(Data)
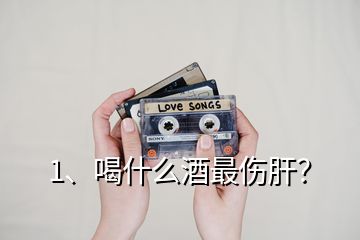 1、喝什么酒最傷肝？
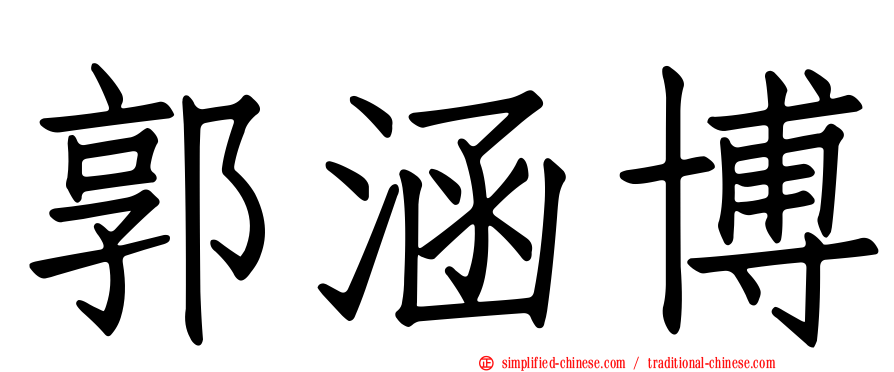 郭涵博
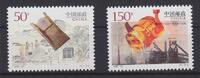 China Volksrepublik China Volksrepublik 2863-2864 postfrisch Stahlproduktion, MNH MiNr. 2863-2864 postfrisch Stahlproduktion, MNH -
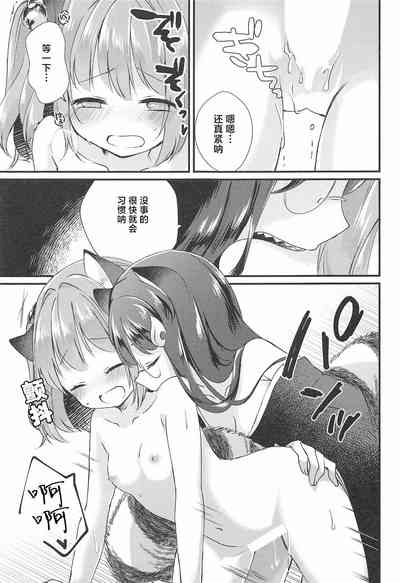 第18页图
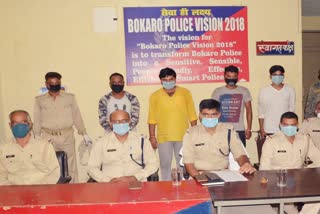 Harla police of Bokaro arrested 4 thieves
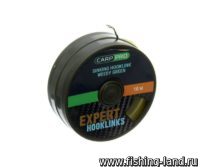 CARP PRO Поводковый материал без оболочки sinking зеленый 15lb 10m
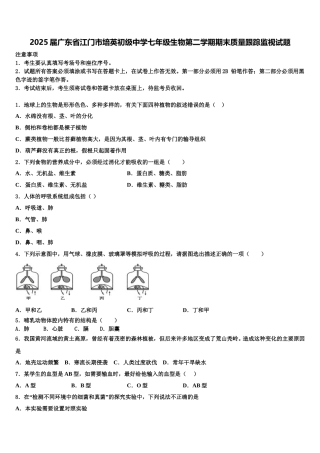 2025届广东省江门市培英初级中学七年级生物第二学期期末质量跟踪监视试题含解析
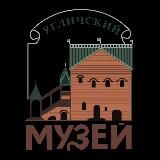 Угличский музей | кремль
(End Data)
(Data)
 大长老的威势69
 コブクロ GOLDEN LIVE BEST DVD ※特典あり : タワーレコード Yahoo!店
(End Data)
# Instructions for the task
Leave out the images and write out the lines above exactly, from the one with "2025届广东省江门市培英初级中学七年级生物第二学期期末质量跟踪监视试题含解析" up to and including the one with "Угличский музей | кремль".

# Answer for the task
 2025届广东省江门市培英初级中学七年级生物第二学期期末质量跟踪监视试题含解析
 Угличский музей | кремль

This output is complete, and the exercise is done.